-- SUPPLIED RECORDS follows --

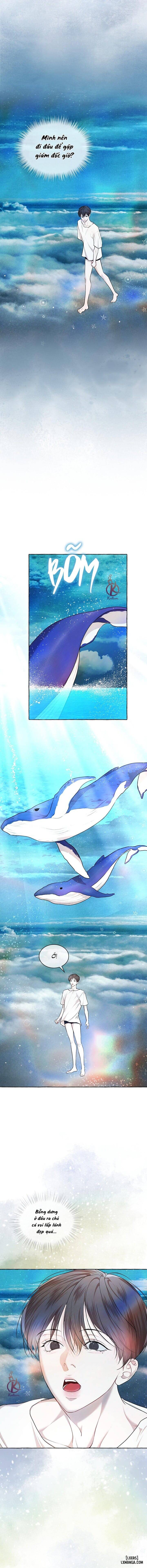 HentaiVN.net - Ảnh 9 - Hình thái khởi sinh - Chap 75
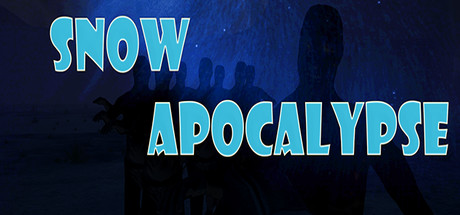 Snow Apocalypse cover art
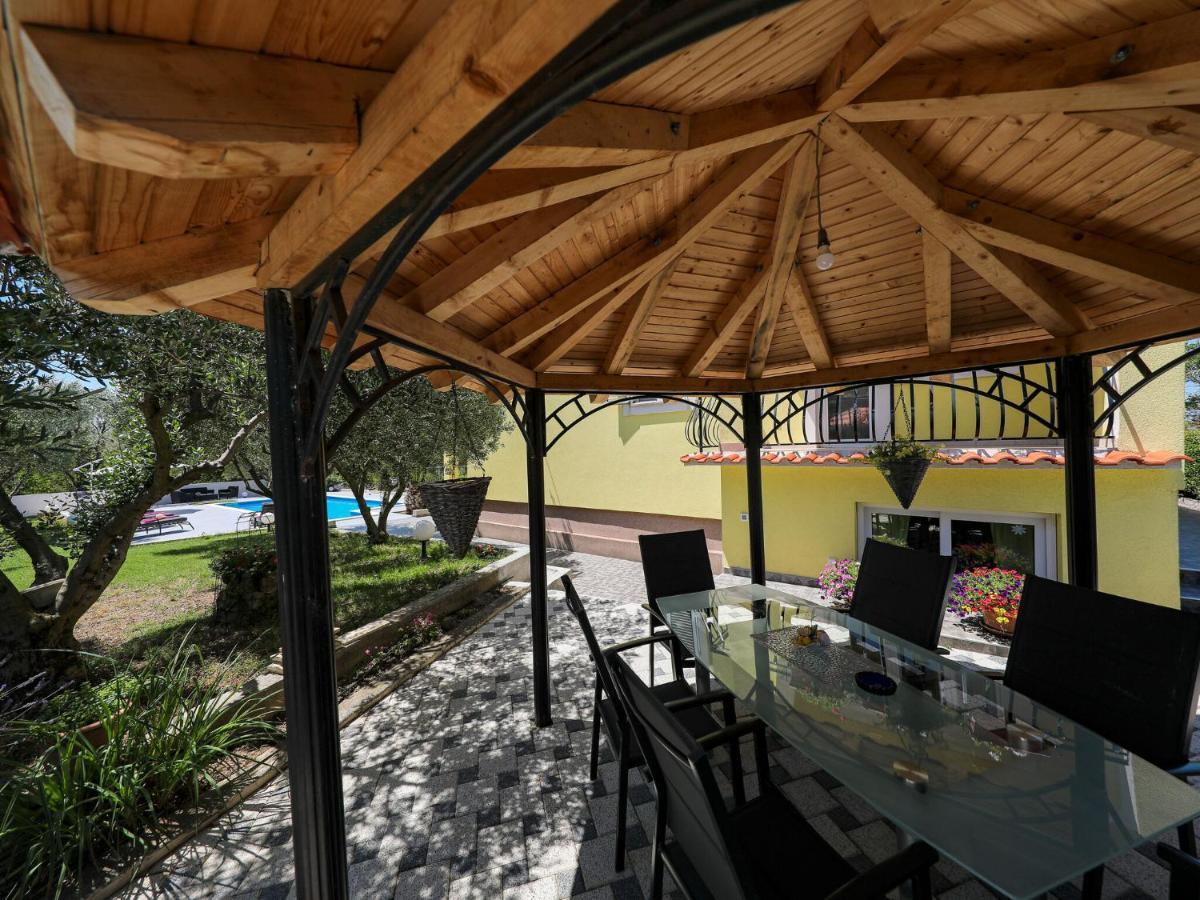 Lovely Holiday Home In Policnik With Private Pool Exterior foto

-- SUPPLIED RECORDS concluded --
-- SUPPLIED RECORDS follows --

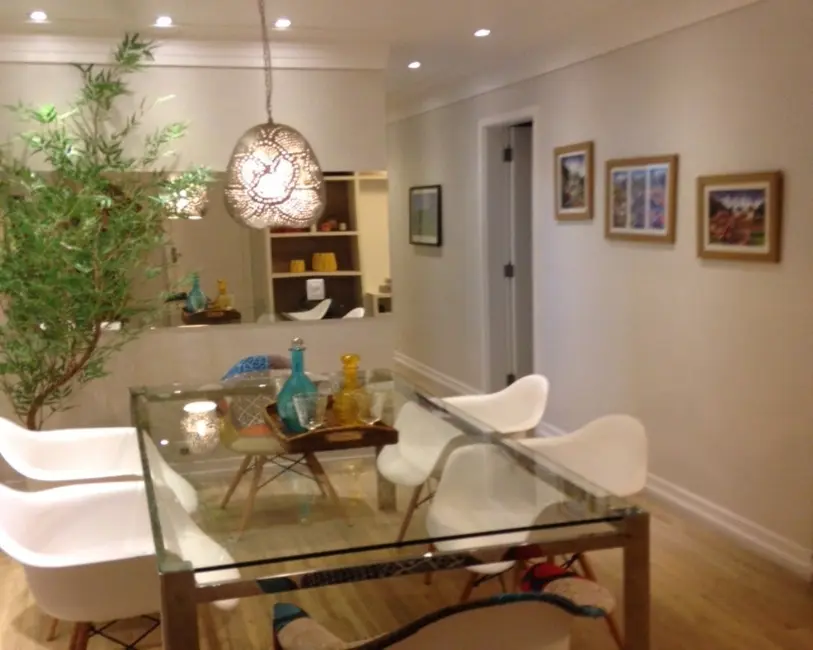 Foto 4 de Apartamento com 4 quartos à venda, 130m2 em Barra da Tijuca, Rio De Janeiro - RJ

-- SUPPLIED RECORDS concluded --

## WORK REQUEST
If a picture sits between the line containing "Snow Apocalypse cover art" and the line containing "Lovely Holiday Home", leave it out, and return the lines of that range above exactly, both ends included.

## ANSWER FOR THE TASK
 Snow Apocalypse cover art
 Lovely Holiday Home In Policnik With Private Pool Exterior foto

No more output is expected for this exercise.